**** Data section

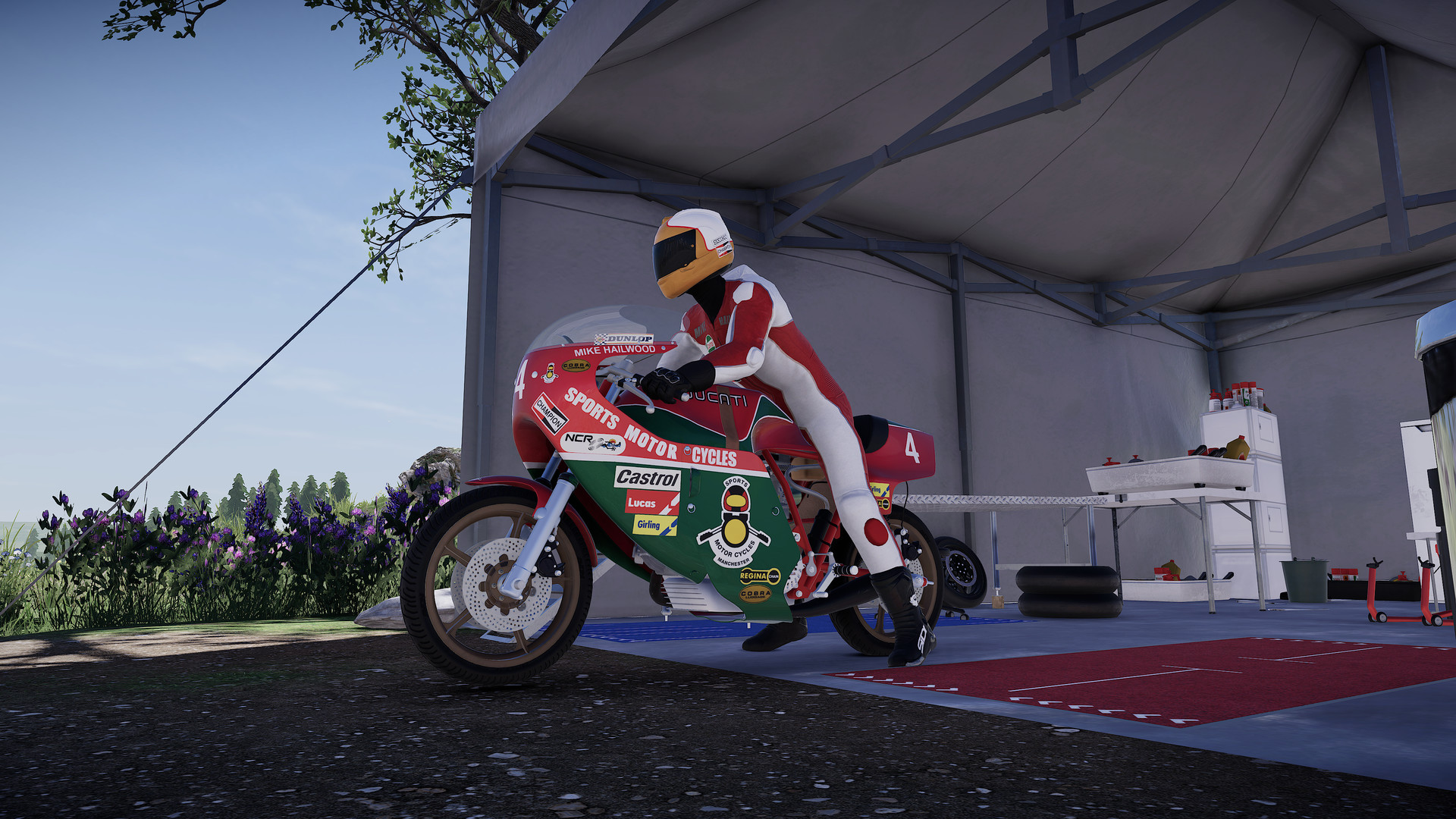 Скриншот: TT Isle of Man: Ride on the Edge 2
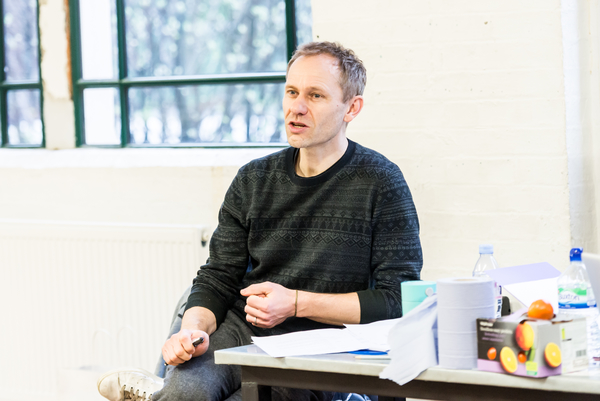 Photo Flash: In Rehearsal with NOT TALKING at the Arcola Theatre Image
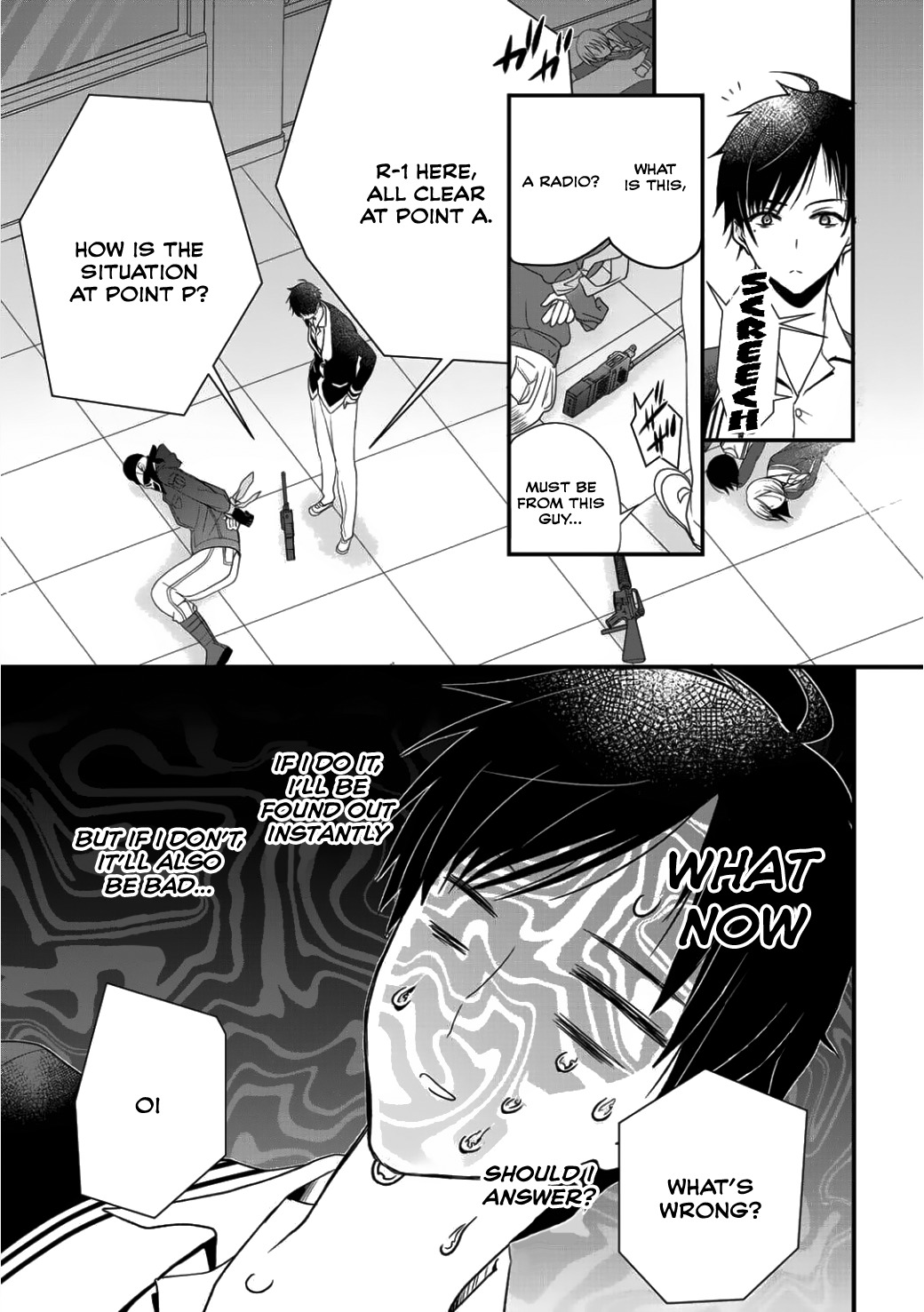 Class ga Isekai Shoukan sareta Naka Ore dake Nokotta n desu ga Chapter 2 page 4 - Chapter 2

********

Exercise prompt: Retype the listing exactly. Leave out its pictures.

Result for this exercise:
 Скриншот: TT Isle of Man: Ride on the Edge 2
 Photo Flash: In Rehearsal with NOT TALKING at the Arcola Theatre Image
 Class ga Isekai Shoukan sareta Naka Ore dake Nokotta n desu ga Chapter 2 page 4 - Chapter 2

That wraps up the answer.